After you disable the two-factor authentication you will be able to sign in to your account without providing the verification code.
What to do when you get locked out
If you lose access to your authenticator app and do not have any recovery codes left, or you lost them as well, you will not be able to sign in to your account. In this case, you will need to contact our support. To do that, you can either send us an email to support@apify.com or you can go to the sign-in page and sign in with your email and password. Then, on the two-factor authentication page, click on the recovery code or begin 2FA account recovery link. On the two-factor recovery page, click on the Contact our support link. This link will open up our online chat, and our support team can help you from there.

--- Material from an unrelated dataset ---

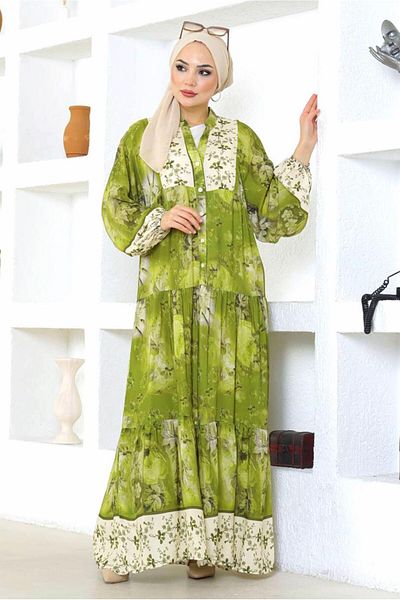 TRENDTESETTÜR Φόρεμα Hijab με πράσινο σχέδιο βισκόζης - Γυναικείο T 7604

For our support team to help you recover your account, you will need to provide them with the personal information you have configured during the two-factor authentication setup. If you provide the correct information, the support team will help you regain access to your account.
The support team will not give you any clues about the information you provided; they will only verify if it is correct.
You can always check what information you provided by going to your account settings, scrolling down to the Two-factor authentication section, and clicking on the Recovery settings button, then you should see a view like this:
After you enter a verification code from your authenticator app, you will see the recovery settings you provided during the two-factor authentication setup.